Monolithic and Modular Programming

Monolithic programming is tightly coupled code that makes assumptions about the other parts of the code. Monolithic programs work as a single container that has every component that the application needs: one database, one application, one server to deploy to, and one container to share every component. Modular programming is loosely coupled code that allows a program to be more readable, maintainable, scalable, and portable. It also makes it easier for a team of individuals to work together. Modular coding can be problematic in that it creates more work upfront to link modules together, testing takes longer, and the architecture needs to be thought out ahead of time to integrate the different modules.

Classes

A class provides the blueprints for objects, so basically an object is created from a class. You declare objects of a class with exactly the same sort of declaration that you declare variables of basic types. A class definition starts with the keyword class followed by the class name; and the class body, enclosed by a pair of curly braces. A class definition must be followed either by a semicolon or a list of declarations. Class members can be made available as public or private. Template classes allow you to use interchangeable data types such as int and float without having the rewrite the code for each data type.

Time and Space Complexity

The amount of time a computer takes to process a program and the size of a data type can be defined in terms of n. The order of n O(n) is the time it takes to complete. The order of n squared O(n^2) is the time of each n element processed.

Recursion

A function that calls itself is known as recursive. There must be a condition that terminates the recursion inside of that function or it will repeat infinitely. Recursive tracing is done in the form of a tree and it shows all of the steps a function repeats before it terminates. Recursion has two phases: calling and returning. Also known as ascending and descending, the descending phase differentiates recursion from a loop. The total number of activation records in recursion can be defined as n+1 in the stack. The amount of time and memory used to execute is 0(n) because each statement takes n amount.

A static/global variable used inside of a recursive function only creates one copy. It is called on the return phase.

Types of Recursion

  1. Tail Recursion
  2. Head Recursion
  3. Tree Recursion
  4. Indirect Recursion
  5. Nested Recursion

If the last call in a recursive function is the recursive, then it is a tail recursion. The processing in a tail recursion happens at the call phase and it is linear.

Conversely, if the first call in a recursive function is recursive, it is known as an head recursion. The processing in an head recursion is done in the return phase and it is linear.

Tree recursion is defined as a recursive function that calls itself more than once.

In Indirect recursion, there may be more than one functions and they are calling one another in a circular manner. (Example. funcA calls funcB which calls funcA)

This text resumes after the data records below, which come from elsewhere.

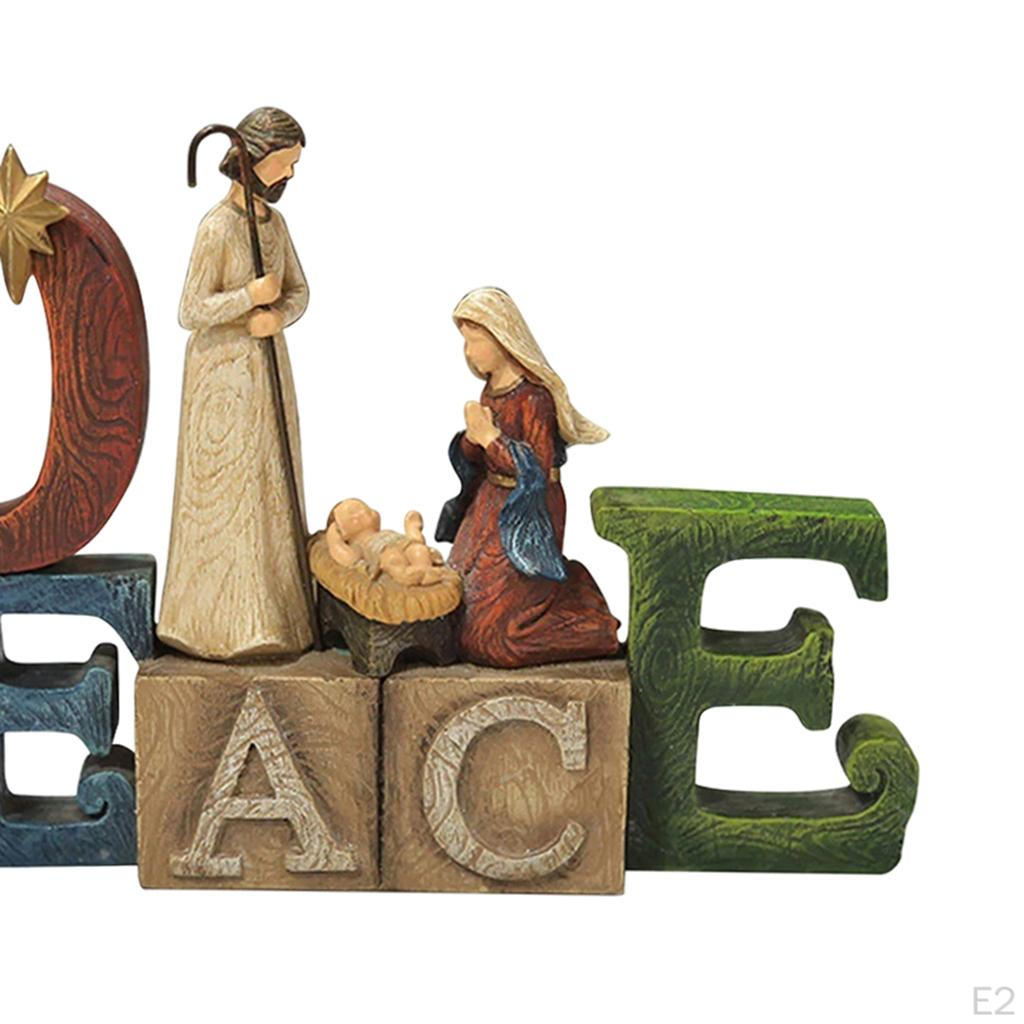 Nativity Resin Religious Baby Scene Figurine Stable Statue And Sculpture Ornaments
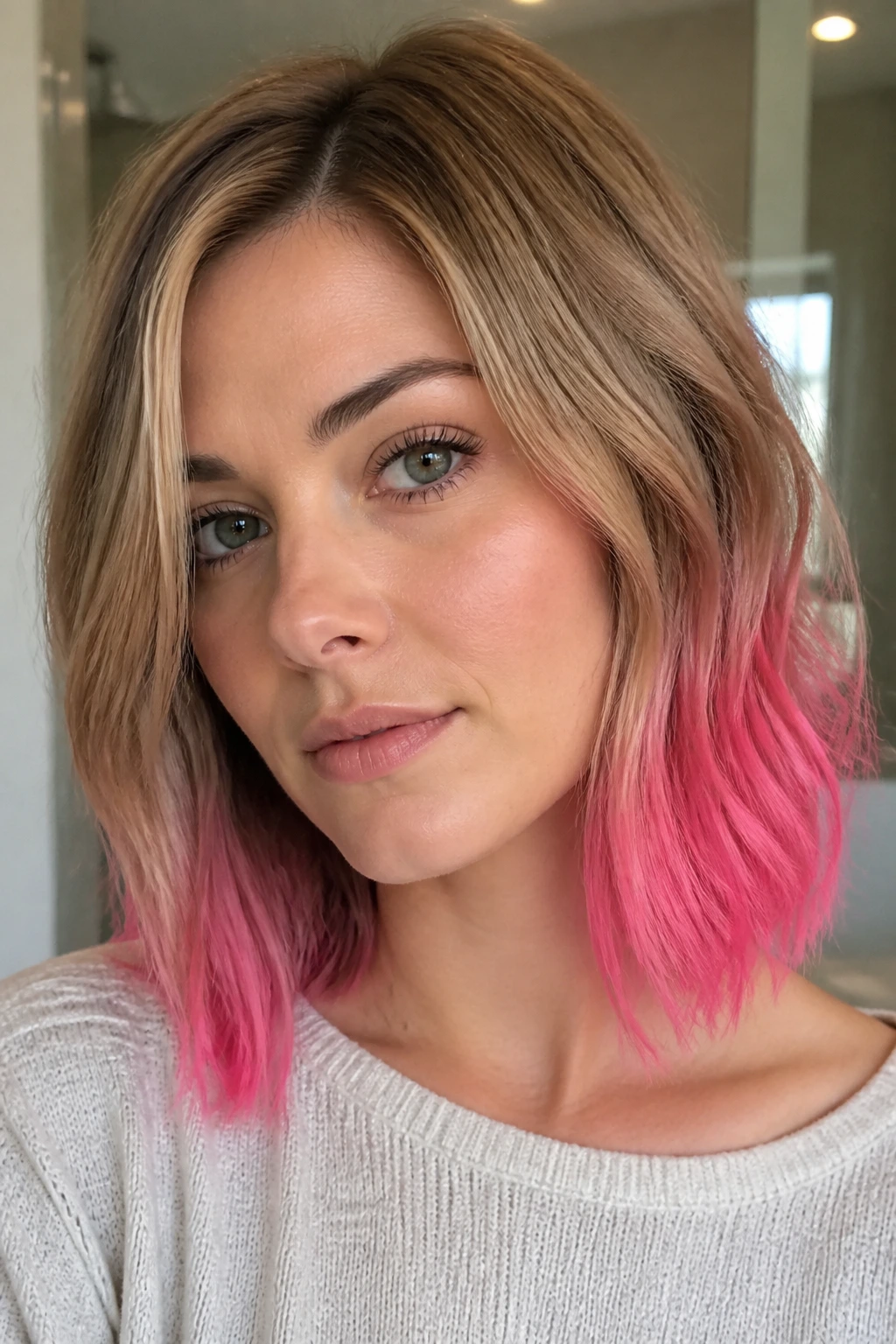 Real person with dip-dyed electric pink ends framing the face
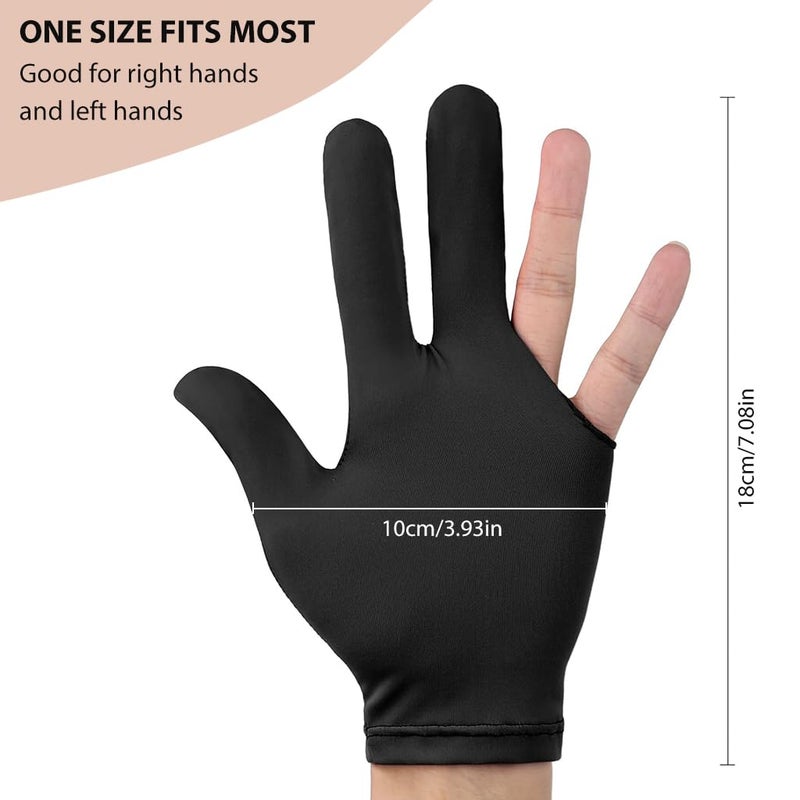 Proberos قفازات سنوكر 5 قطع للرجال/النساء، قفازات بلياردو قابلة للتنفس من سباندكس، قفازات بلياردو بثلاثة أصابع لليد اليسرى/اليمنى، خفيفة الوزن وقابلة للتمدد، مقاس عالمي، أسود - Image 4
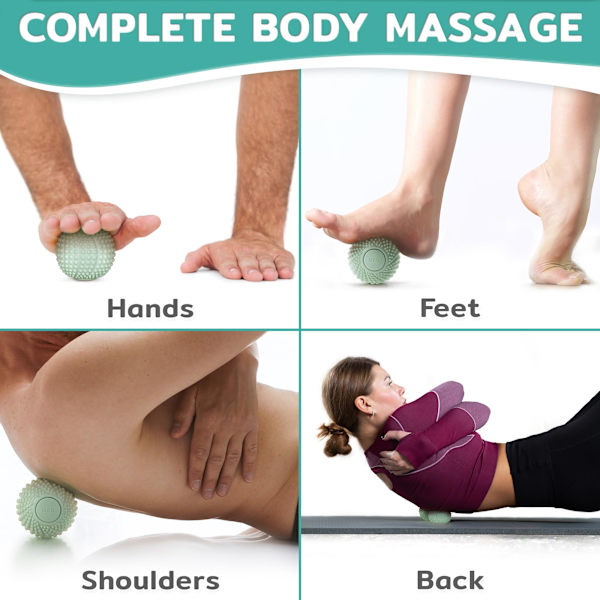 Jalkaterapiapallo (7 cm, vihreä, 1 pakkaus), Trigger Point Roller -hierontapallo plantaarifaskiittiin, rullaava neuropatiapainelupallo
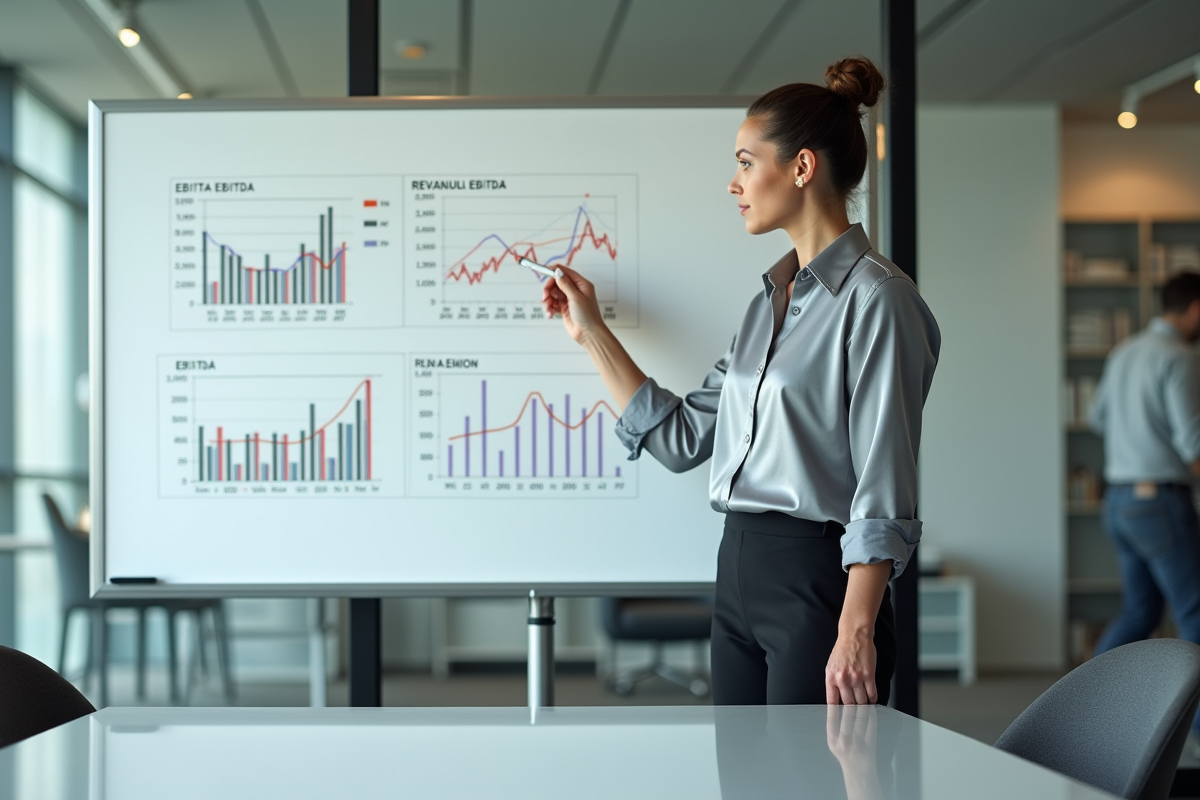 Analyste financière en réunion devant un tableau blanc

In Nested recursion, a recursive function will pass the parameter as a recursive call. That means “recursion inside recursion”.

Memoization or tabling, is an optimization technique used to speed up computer programs by storing the results of function calls and returning the results when the same inputs occur again.

Strings

A character set is the set of characters supported by a programming language. Because computers use numbers to compute everything, every character is defined by a numeric code called an ASCII code. ASCII codes are a subset of Unicode.

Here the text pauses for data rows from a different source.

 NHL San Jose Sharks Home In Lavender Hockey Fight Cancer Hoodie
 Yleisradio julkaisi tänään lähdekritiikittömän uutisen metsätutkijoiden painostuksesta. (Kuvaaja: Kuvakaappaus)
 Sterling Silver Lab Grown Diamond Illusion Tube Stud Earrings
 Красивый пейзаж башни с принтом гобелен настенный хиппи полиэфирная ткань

char is the data type used when declaring a character. Characters can be created in an array called a character array. You can store a character or an ASCII code inside a character array and they will display the same as the character. A string is also an array of characters. At the end of the string is a null character called a string terminator. It delineates the end of the string in an array.

A permutation, also called an “arrangement number” or “order”, is a rearrangement of the elements of an ordered list S into a one-to-one correspondence with S itself. A string of length n has n! permutation.